KIWIS locked up in a Sydney detention centre are today being visited by Labour leader Andrew Little - in the strongest signal yet of his party's concern at Australia's tough new stance.
Mr Little and MP Phil Goff are touring the Villawood Immigration Detention Centre in Sydney to see conditions themselves and speak with New Zealanders who are being kept there.
Labour has been strongly critical of the National Government's response to an Australian law change last December, which has seen non-Australians sentenced to a year or more in jail, or those judged to fail a character test, detained and deported.
This morning's visit comes after Mr Little yesterday met Australian Immigration Minister Peter Dutton and was told there would be no change in policy.
He asked for better discretion to be exercised at the point of revoking a visa.
The only concession made by Mr Dutton - who has refused repeated interview requests from New Zealand media - was that he would look into any individual cases brought to him by Labour.
There has been little domestic pressure put on the Australian Government over its deportation policy - the Australian Labor Party also support the tougher law.
Centres such as Villawood and on the isolated Christmas Island have been used to detain asylum-seekers, but the law change has seen hundreds of New Zealanders - many of whom have lived in Australia since childhood - locked up, while they appeal their deportation to a country some don't remember.

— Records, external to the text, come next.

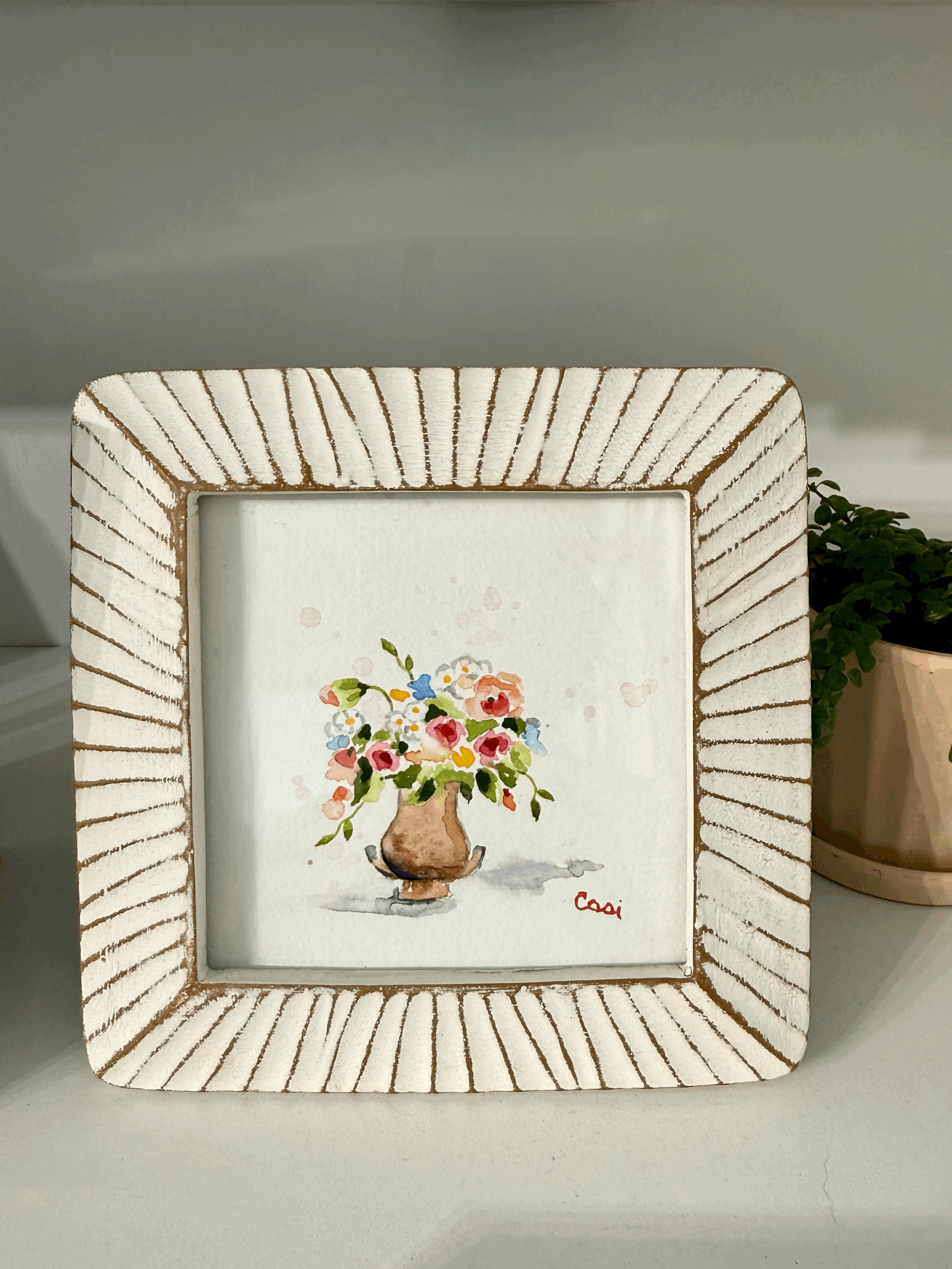 "Remains of the Day" - Framed Original Watercolor 5x5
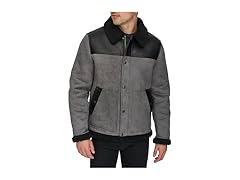 Levis Mens Mixed Media Faux Shearling Jacket (XXL)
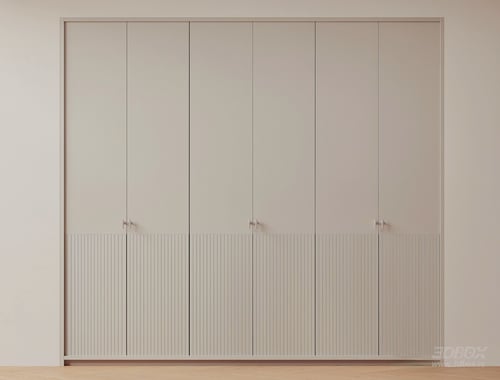 Modern Minimalist Fluted Panel Wardrobe Light Beige Storage Cabinet 3D model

The primary purpose of Mr Little's two-day Australian trip is to highlight the lack of rights between an estimated 250,000 to 350,000 Kiwis living in Australia on "non protected" visas have - including little welfare safety nets, and no automatic path to permanent residency or citizenship.
Both Labour and National-led Governments have been lobbying for change since Kiwis' rights were greatly reduced in February 2001 by John Howard's Liberal Government.
Riots at Christmas Island and the arrival of criminals in New Zealand, including on the so-called "Con Air" flight, have been a major political issue this year.
But, partly because of Mr Little's Australian trip, focus is now switching to the related but wider issue of all New Zealand expats' rights.
While in Manila for an Apec summit Prime Minister John Key told media that he sensed Australian Prime Minister Malcolm Turnbull could move on giving a clearer path to citizenship, as an alternative to changing the threshold at which deportations occur.
Mr Little's visit to Villawood comes after his Corrections spokesman Kelvin Davis travelled to Christmas Island and visited New Zealanders held there, and after Mr Key's accusation that Labour and Green MPs were "backing rapists" caused walk outs at Parliament.
Speaker David Carter ruled that Mr Key's comments were unparliamentary, but did not make the Prime Minister withdraw them because no MP had complained at the time.
Kiwis in detention or deported
As at October 31, there were 213 New Zealanders in Australian detention centres (190 men, 23 women) - the second-largest nationality group behind Iran. Others have already been deported back to New Zealand, or successfully defended their deportation.
Cases previously reported in media:
• Ko Rutene - has no convictions, but visa revoked on grounds he was a member of a motorcycle club.
• Angela Russell - moved to Australia aged three. Faces deportation after serving a sentence for stealing. She had previous convictions for similar offences.
• Ronald Neilson - used a metal pole to smash a stranger's face, the Courier-Mail reported.
• Richard Peter Coburn - returned on so-called "Con Air" charter flight. Convicted for manslaughter after dumping girlfriend's body in a bin.